EXERCISE DATA START
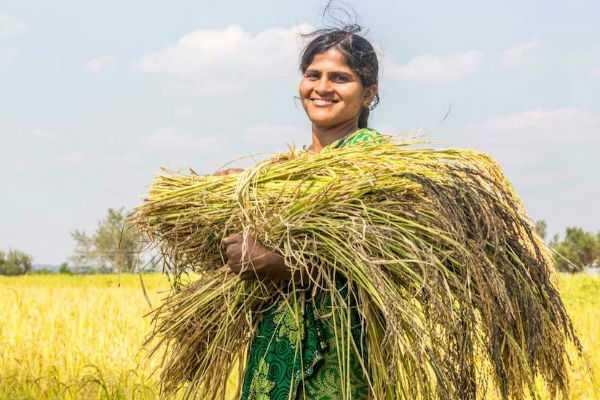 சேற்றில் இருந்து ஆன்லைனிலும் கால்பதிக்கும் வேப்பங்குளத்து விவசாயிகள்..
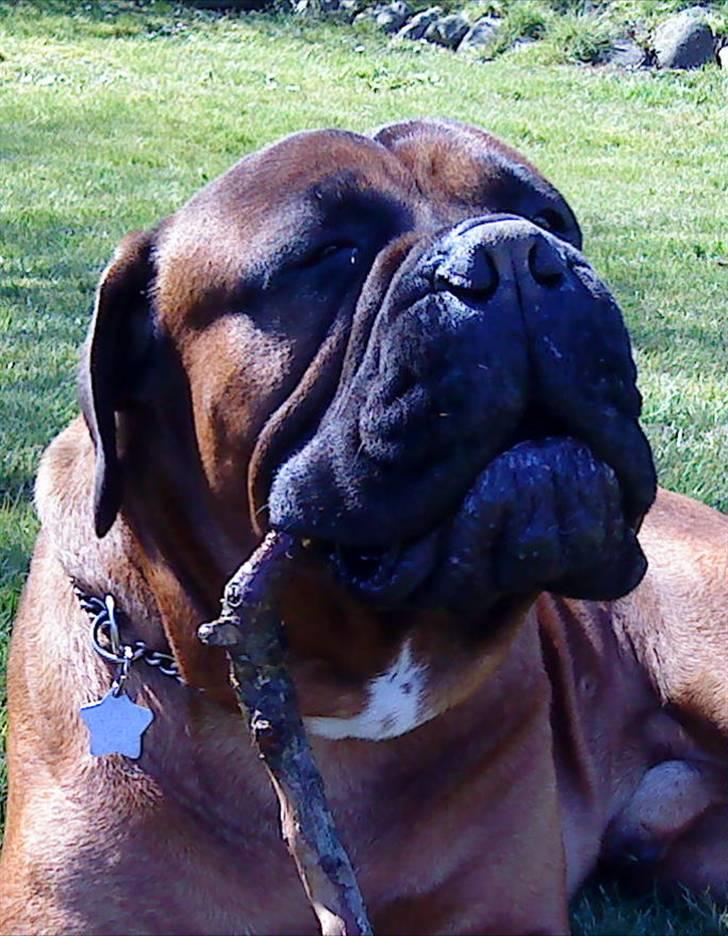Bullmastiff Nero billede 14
EXERCISE DATA END
EXERCISE DATA START
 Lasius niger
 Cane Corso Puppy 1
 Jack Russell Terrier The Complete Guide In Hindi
EXERCISE DATA END
WHAT THIS TASK INVOLVES -
Retype word for word everything in the listing above from the line that holds "Lasius niger" down to the line that holds "Jack Russell Terrier". Keep both end lines and leave out the rest.

OUTPUT -
 Lasius niger
 Cane Corso Puppy 1
 Jack Russell Terrier The Complete Guide In Hindi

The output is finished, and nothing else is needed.